Al día siguiente, el diario
ABC
publicaba en portada una foto de Escámez conmigo y dos mucho más pequeñas de los Albertos con un gran titular que decía: «Pleno acuerdo para la operación económica más importante del siglo XX». En su primera página recogía, además, el siguiente titular: «Mario Conde, desconocido prácticamente hace siete meses, se perfila como el hombre fuerte de la economía española». No tengo nada que agradecer a esa información del diario dirigido por Luis María Anson. Al contrario. Evidenciaba demasiado que la batalla por el poder había sido ganada por nosotros, y una cosa es que eso estuviera claro en el Documento de Intenciones y otra, bien distinta, que se explicitara tan terminantemente en la prensa. La verdad es que durante estos años no ha dejado de sorprenderme cómo los titulares de prensa son capaces de afectar a determinado tipo de personas. Si queremos ser sinceros tendremos que reconocer que todos nos sentimos afectados en mayor o menor medida, pero hay una especie en la naturaleza humana que es feliz viendo cómo la prensa dice cosas agradables de ella e, incluso, tiene la tendencia a creerse que si lo dice la prensa es que es verdad... Aquel día 18 de mayo de 1988, cuando leí el diario de Prensa Española, pensé en Escámez, a quien seguro le repatearía por dentro, en los Albertos, que se sentirían segundones y, en cierta medida, perdedores en el proceso y, por último, en Juan Abelló, porque estoy seguro de que, de todos ellos, fue sin duda el que más sufrió, dejando a un lado, por supuesto, al gobernador del Banco de España.

Como no podía ser de otra manera, el diario
El País
tuvo que recoger la noticia con la importancia que el hecho en sí mismo tenía, pero ya comenzó a marcar lo que iba a ser su línea informativa con un editorial en el que, bajo el título «Fusiones y confusiones», se terminaba diciendo: «Con vistas al reto europeo, la banca española necesita un volumen y una reorganización operativa. Pero esa política debe asentarse en criterios de rigor y complementariedad, que los presidentes de ambas entidades están obligados a argumentar ante la opinión pública. Hay muchas cosas por explicar de lo que ha sucedido en las semanas recientes, y es preciso que lo hagan, pues una forma degradada de la fusión es, precisamente, la confusión». El diario de Prisa jamás tuvo el menor pudor en poner de manifiesto a quién servía. El proyecto del primer banco de España era una buena ocasión para recordarlo.

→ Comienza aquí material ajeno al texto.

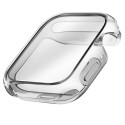 Uniq Garde case for Apple Watch 7/8/SE2 45mm - gray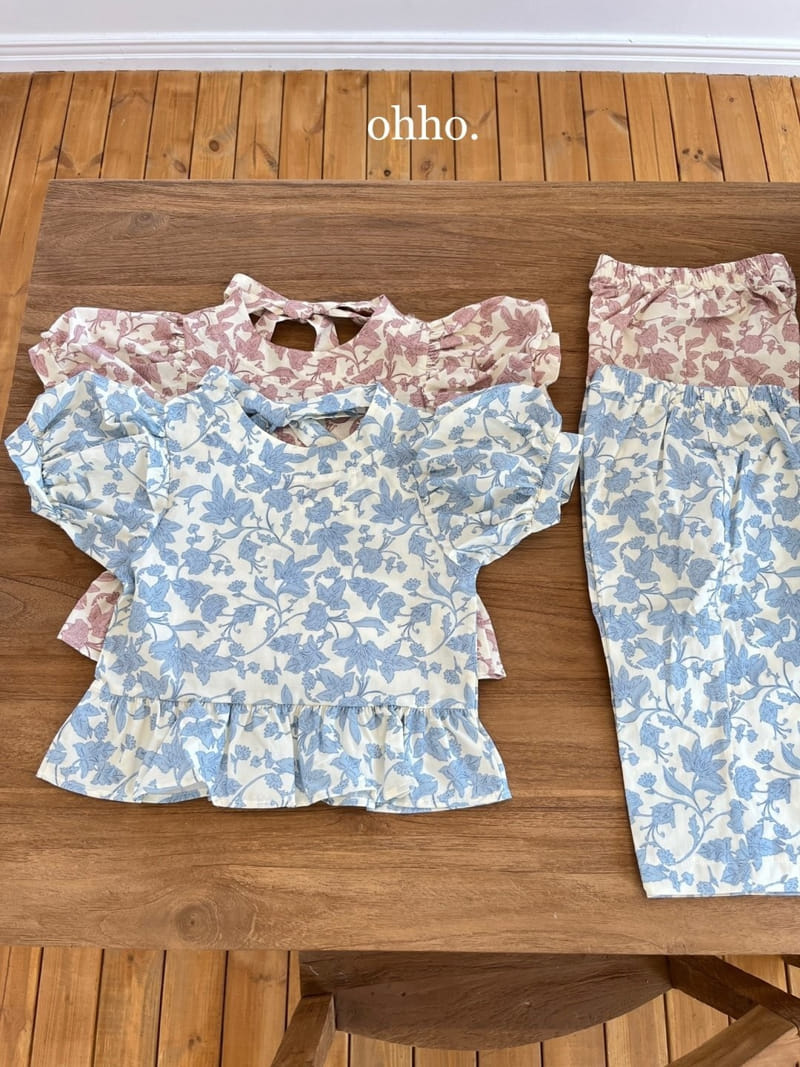 Ohho - Korean Children Fashion - #todddlerfashion - Ette Summer Pants - 7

El 16 de junio de 1988 los Consejos de los dos bancos aprobaron las «Bases de la Fusión», en las que el esquema del poder en manos de Banesto se ratificaba de forma clara. Ese día, Alfonso y yo visitamos a Felipe González en la Moncloa. Nos dio su visto bueno a la operación. No tenía más remedio. Por el dogma oficial de las fusiones y porque la opinión percibía a Felipe como el muñidor de fondo de la operación contra Banesto. Por fin, el 20 de junio se firmó el documento oficial y todo el proceso parecía ya irreversible camino de las Juntas de Fusión que tendrían que celebrarse en el mes de octubre de ese año.

No tardaron mucho tiempo en demostrar que la fusión Banesto- Central golpeaba en lo más íntimo. El 20 de julio de 1988 recibo en Banesto una carta del gobernador verdaderamente alucinante: «Querido Mario: Me he quedado un poco sorprendido con las noticias que han aparecido en la prensa sobre el viaje tuyo y de Alfonso Escámez a Bruselas. Probablemente se debe a una mala interpretación de los periodistas, pero si es así, creo que conviene aclarar las cosas; salvo error por mi parte, la Comisión nada tiene que decir en el asunto de la fusión, que es competencia exclusiva de las autoridades españolas. Por razones obvias, es importante que estos temas de competencia estén siempre muy claros».